Kata ‘akta’ berasal dari bahasa Belanda “acta”, dalam bahasa Prancis “acte”, dan “deed” dalam bahasa inggris. Akta diartikan sebagai tulisan atau surat5. Pada lazimnya, akta digolongkan atas akta otentik dan dibawah tangan. Mengenai arti akta otentik tercantum di Pasal 1868 KUHPerdata yang mengatur “akta otentik merupakan akta yang didalam bentuk yang ditentukan oleh undang-undang, dibuat oleh atau dihadapan pegawai-pegawai umum yang berkuasa untuk itu di tempat di mana akta dibuatnya”. Akta itu harus ditandatangani agar bias digolongkan sebagai sebuah akta. Keharusan tersebut tercantum dalam Pasal 1869 KUHPerdata. Keharusan penandatanganan bertujuan agar dapat dibedakan antara akta yang satu dari akta yang lainnya. Penandatanganan merupakan pembubuhan nama dari si Penghadap di mana nama tersebut ditulis oleh Penghadap atas kehendaknya sendiri6. Pasal 16 (1) c UU No. 2/2014 mengatur “Notaris wajib melekatkan surat dan dokumen serta sidik jari penghadap pada minuta akta”. Padahal, sebelumnya ketentuan mengenai kewajiban tersebut tidak diatur secara tegas dalam UU No. 30/2004. Pasal 1 angka 8 UU No. 2/2014 mengatur “Minuta Akta adalah asli Akta yang mencantumkan tanda tangan Para Penghadap, saksi, dan Notaris, yang disimpan sebagai bagian dari protokol Notaris”. Pengertian tersebut mengandung kehendak UU No. 30/2004 yang mengharuskan para

penghadap untuk menandatangani akta, bukan membubuhkan sidik jari. 7 Dalam UU No. 2/2014 telah terjadi pergeseran perihal kewajiban dibubuhinya sidik jari penghadap pada minuta akta. Di UU No. 30/2004, bukanlah suatu kewajiban untuk dibubuhinya sidik jari penghadap, sedangkan dalam UU No. 2/2014, pelekatan sidik jari penghadap menjadi suatu kewajiban oleh Notaris8. Tanda tangan dan sidik jari penghadap menurut Notaris berfungsi sebagai tanda diri yang bersangkutan, sebagai bukti Penghadap telah menghadap Notaris, dan sebagai persetujuan Penghadap tentang yang tertuang dalam akta9. Mengenai hal tersebut, dalam Pasal 16 ayat 1 (c) UU No. 2/2014 tidak dijelaskan secara tegas mengenai cara membubuhkan sidik jari tersebut. Dalam penjelasannya hanya disebutkan bahwa pasal tersebut “Cukup Jelas”. Selain itu juga terdapat ketidaksinkronan Pasal 16 (1) c dengan Pasal 1  (8) UU No. 2/2014 karena dalam Pasal 1(8) UU No. 2/2014 tidak mengatur

kewajiban Notaris seperti Pasal 16 ayat 1 (c) UU No. 2/201410. Berdasarkan uraian latar belakang tersebut, adapun permasalahan yang dipaparkan yaitu bagaimana peran Notaris dalam menyikapi ketentuan membubuhi sidik jari Para Penghadap dalam minuta akta dan bagaimanakah konsekuensi untuk Notaris terhadap minuta akta yang pembubuhan sidik jari Penghadapnya berbeda-beda.

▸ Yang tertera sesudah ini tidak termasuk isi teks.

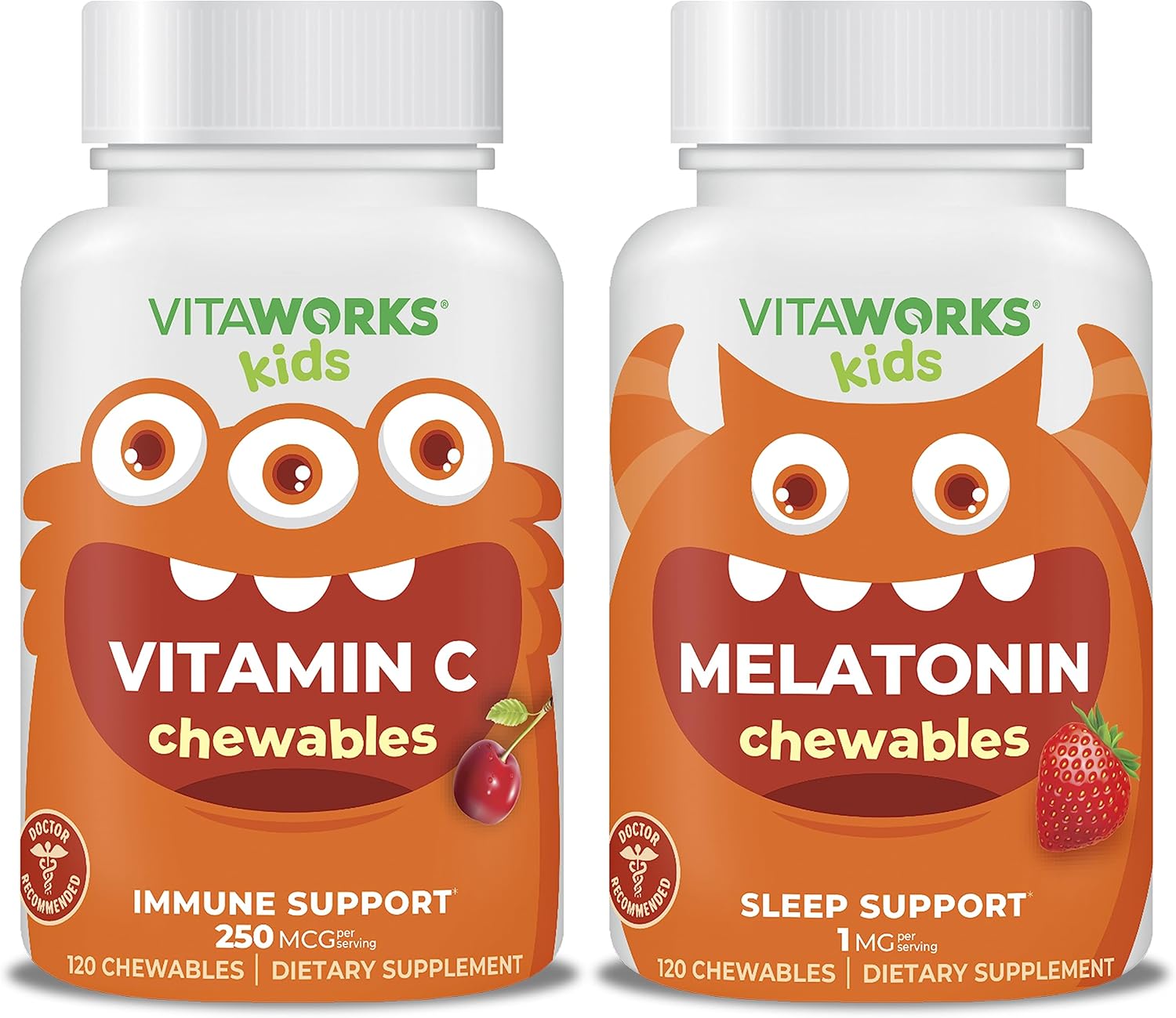 VitaWorks Paquete de masticables de vitamina C de 250 mg + melatonina de 1 mg masticables para niños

Tujuan dalam penulisan ini yakni mengetahui dan mengkaji tentang peran Notaris dalam menyikapi ketentuan pembubuhan sidik jari Para Penghadap dalam minuta akta dan juga mengetahui dan mengkaji konsekuensi bagi Notaris terhadap minuta akta yang pembubuhan sidik jari Penghadapnya berbeda-beda. Penelitian terdahulu dilakukan oleh Arief Rahman Mahmoud pada tahun 2014 yang berjudul “Implikasi Hukum Bagi Notaris Yang Tidak Melekatkan Sidik Penghadap Pada Minuta Akta”11. Penelitian tersebut berfokus pada “implikasi hukum bagi Notaris yang tidak melekatkan sidik jari penghadap pada minuta akta”, yakni dikenakan sanksi sebagaimana Pasal 16 ayat (11) UU No. 2/2014 (11) mengatur “Notaris yang melanggar ketentuan sebagaimana dimaksud pada ayat (1) huruf a sampai dengan huruf l dapat dikenai sanksi berupa:

  • a.    peringatan tertulis;

  • b.    pemberhentian sementara;

  • c.    pemberhentian dengan hormat; atau

  • d.    pemberhentian dengan tidak hormat”.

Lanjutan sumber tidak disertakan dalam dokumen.